WORK INSTRUCTION
Without including any pictures, write out the data below exactly.

Data records:
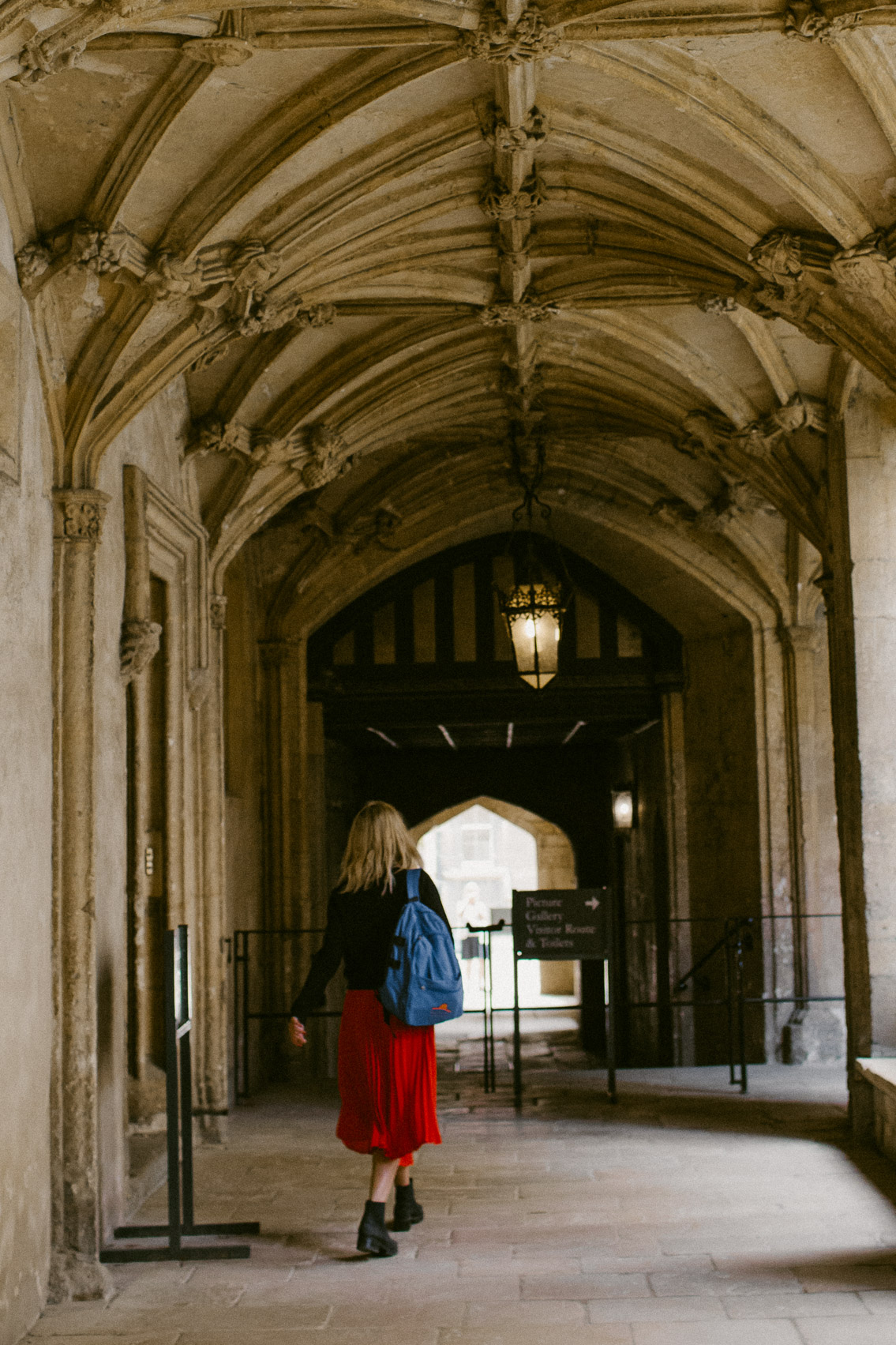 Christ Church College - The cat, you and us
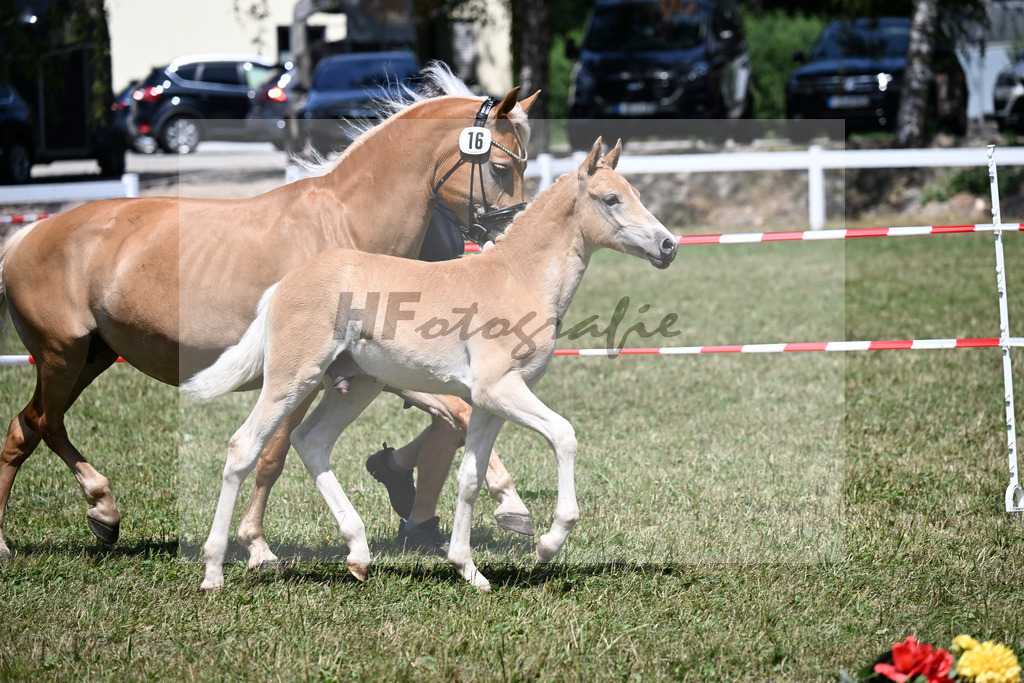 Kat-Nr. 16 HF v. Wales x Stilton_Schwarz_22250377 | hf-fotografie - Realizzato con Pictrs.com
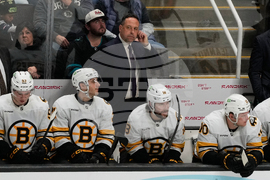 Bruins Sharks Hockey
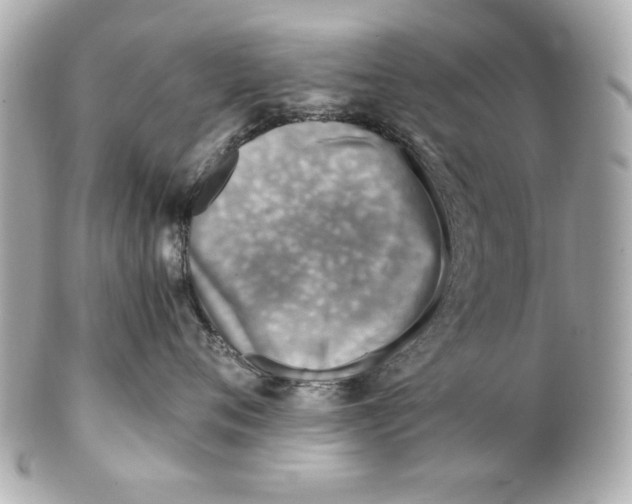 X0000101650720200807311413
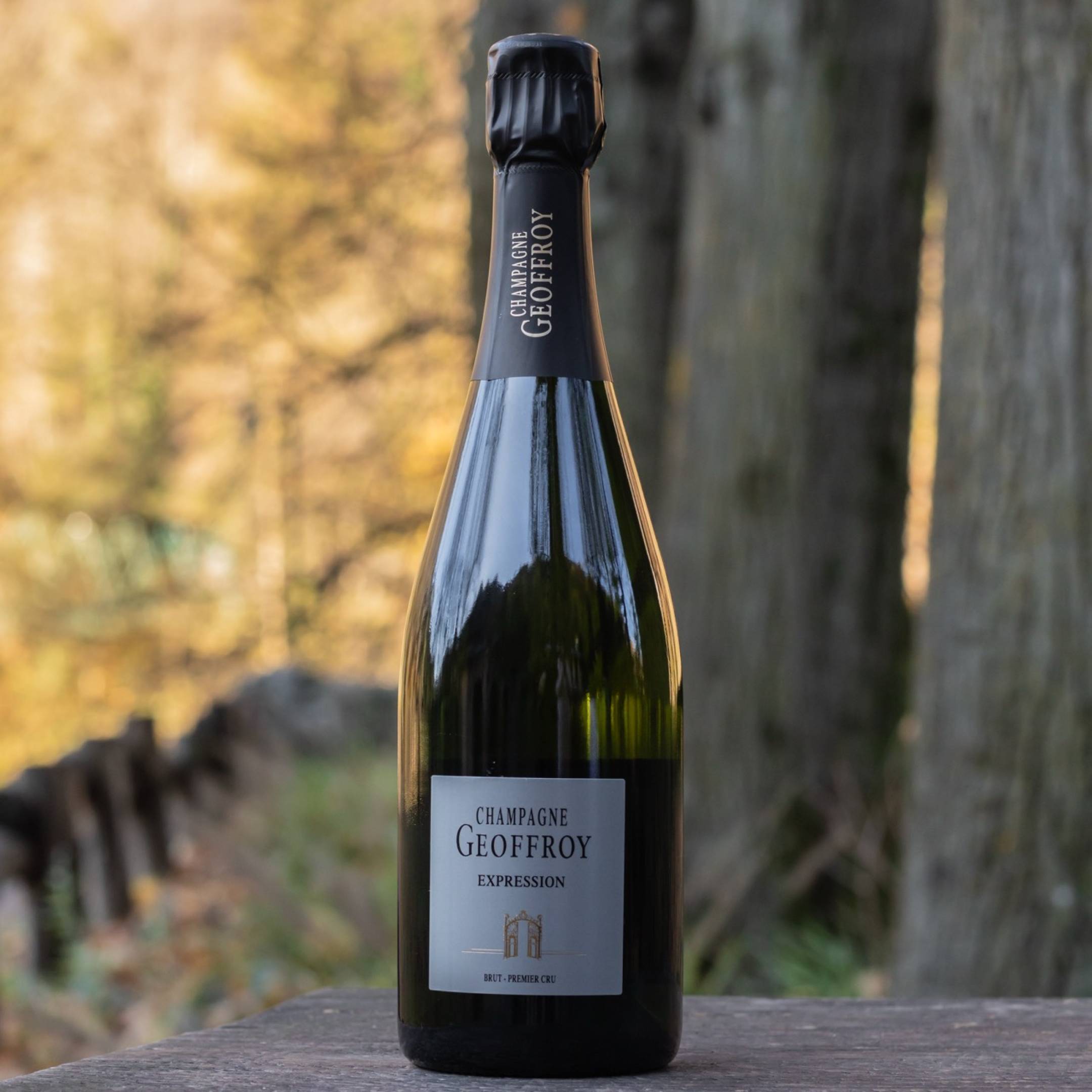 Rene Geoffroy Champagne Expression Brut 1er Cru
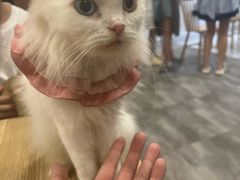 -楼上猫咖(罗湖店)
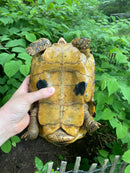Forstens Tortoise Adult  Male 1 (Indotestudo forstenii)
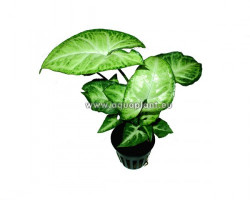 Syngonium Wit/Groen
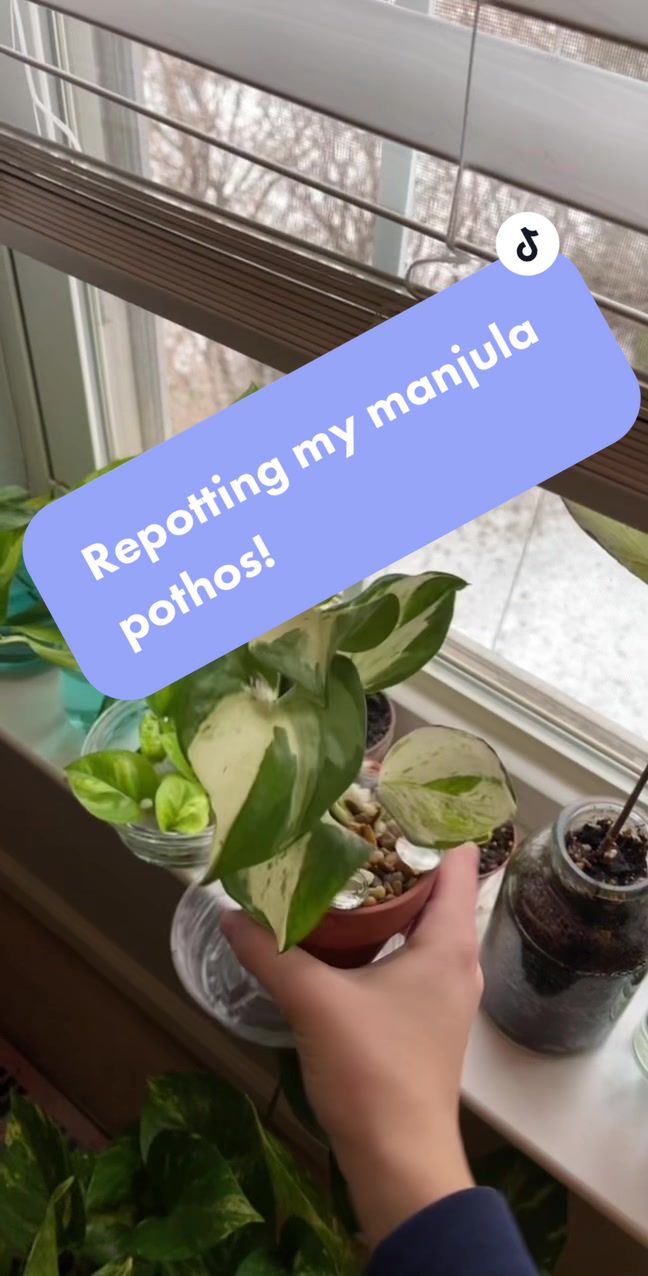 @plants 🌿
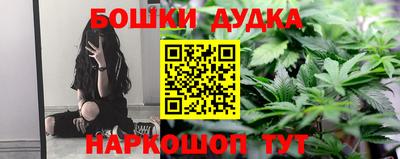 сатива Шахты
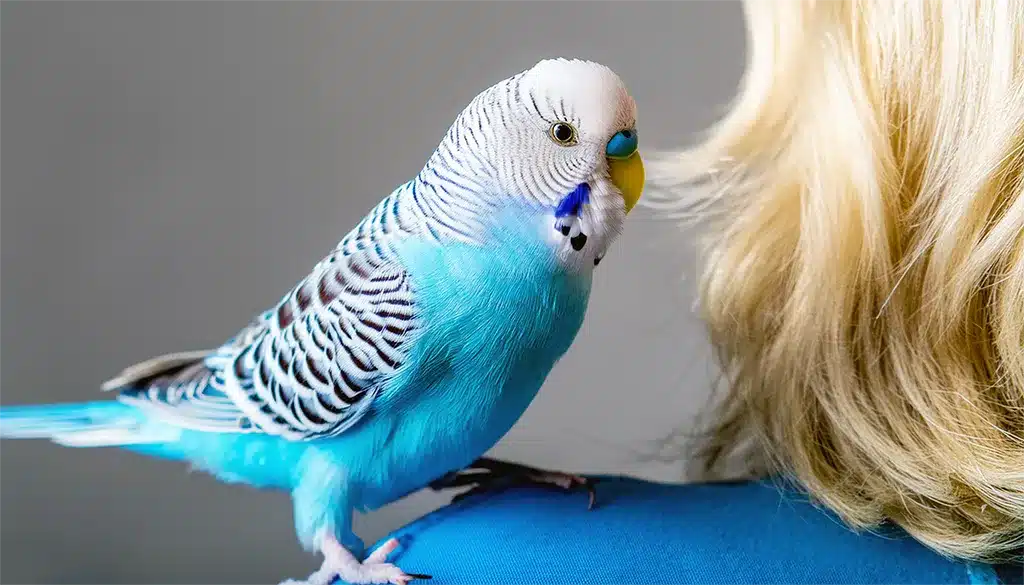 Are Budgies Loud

ANSWER TO THE EXERCISE
 Christ Church College - The cat, you and us
 Kat-Nr. 16 HF v. Wales x Stilton_Schwarz_22250377 | hf-fotografie - Realizzato con Pictrs.com
 Bruins Sharks Hockey
 X0000101650720200807311413
 Rene Geoffroy Champagne Expression Brut 1er Cru
 -楼上猫咖(罗湖店)
Forstens Tortoise Adult  Male 1 (Indotestudo forstenii)
 Syngonium Wit/Groen
 @plants 🌿
 сатива Шахты
 Are Budgies Loud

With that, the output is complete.